Today is Veteran's Day (observed). The actual day was yesterday the 11th of November. It's the mark of a day of great importance. Veteran's Day began as Armistice Day. It's still called that in many countries. Canada has named it Remembrance Day. The Armistice ending WWI was signed on 11/11/1918, and was the original cause to be marked that we now call Veteran's Day. Veteran's Day has become a day to pay tribute to those who served in the Armed Forces, as it should. Men and women take oaths, and devote years of life, time away from family, and risk of death to defend their country. The holiday's roots are in the end of WWI, and that's important to remember.
World War I has been called the "seminal tragedy." It marked the end of the old order, and gave birth to the new order that led to the 20th Century, and all of its mad made cataclysm. All that cataclysm made so many more veteran's to salute on Veteran's Day/Armistice Day/Remembrance Day; so many more casualties to remember in tribute on Memorial Day. All of them were fathers, mothers, brothers, sisters, sons and daughters. So many of them came from working class families, or families of immigrants, upper class families, and poor families. They all deserve to be honored for taking the oath, manning a post, and sacrificing. What were the roots or war and conflict that demanded their sacrifice? We owe it to them, and present and future servicemen and service women, to assure that sacrifice is given for a just cause.
The causes of WWI are well studied. It was still the time, in the early 20th century, or empires, monarchy, and an established order of aristocratic elites that dominated the international order. Save for the young United States, and France all major powers were monarchies.
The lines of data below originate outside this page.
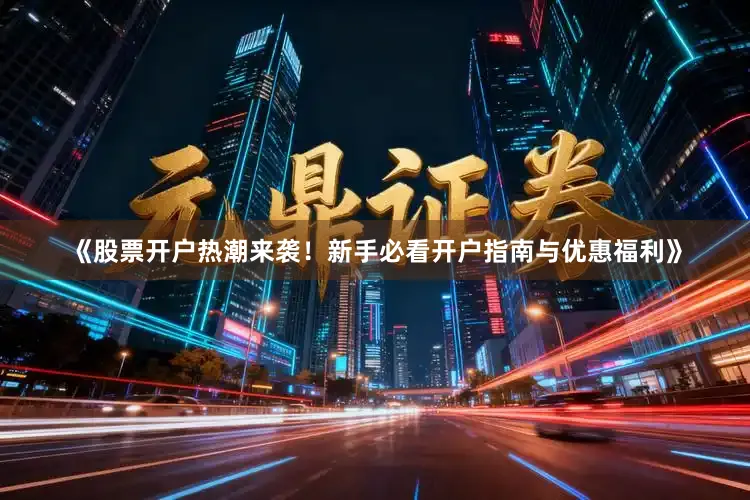 《股票开户热潮来袭！新手必看开户指南与优惠福利》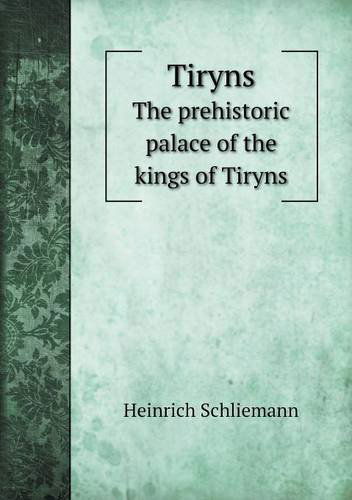 Cover for Heinrich Schliemann · Tiryns the Prehistoric Palace of the Kings of Tiryns (Taschenbuch) (2013)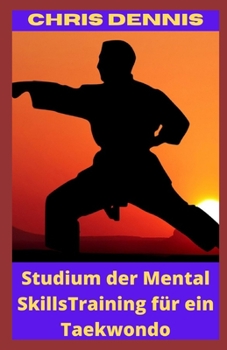 Paperback Studium der Mental SkillsTraining für ein Taekwondo [German] Book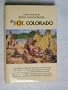 El Sol Colorado: Together with his friends, six men as individual and brilliant as he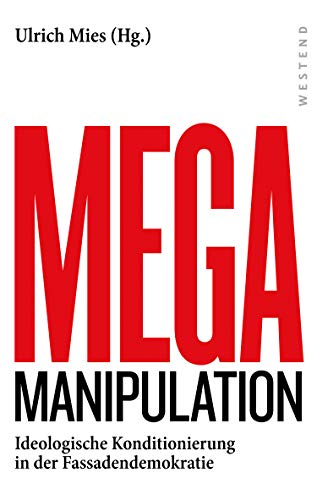Mega-Manipulation: Ideologische Konditionierung in der Fassadendemokra Mega-Manipulation: Ideologische Konditionierung in der Fassadendemokra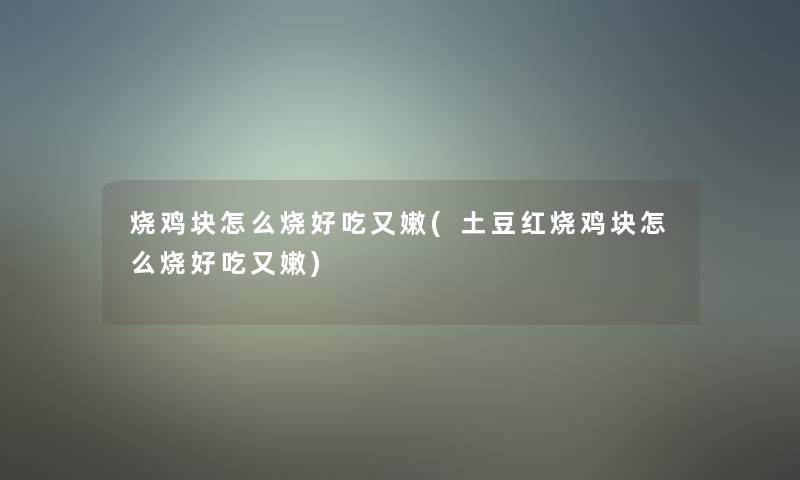 烧鸡块怎么烧好吃又嫩(土豆红烧鸡块怎么烧好吃又嫩)
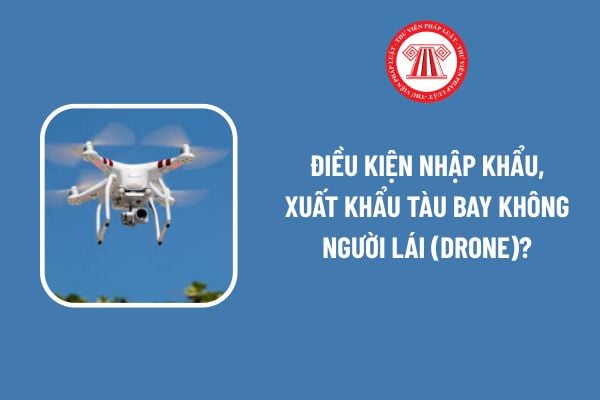 Điều kiện nhập khẩu, xuất khẩu tàu bay không người lái (Drone)?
All major powers had overseas colonies, and sought to exploit them for economic wealth to the home country, Even the United States, had overseas "territories" like the Philippines, Puerto Rico, and Guam, acquired mostly from the settlement of its win in the Spanish American War. The British crown ruled a long established maritime empire. France had colonies in North Africa, and East Asia, and sought to maintain itself as a major land power in Europe,. A comparatively young German Empire, under a young Kaiser Wilhelm II, was new to the colonial era, but aggressively was amassing a navy to rival England's. Austria Hungary was the modern empire of Hapsburgs, the dynasty that had dominated central Europe since the fall of Napoleon 100 years before..The Russian Czar held domain over the most expansive land empire in the world. The Ottoman Empire still commanded the Caliphate, and though it had been pushed out of Europe, it still held dominion over the lucrative overland routes to Persia.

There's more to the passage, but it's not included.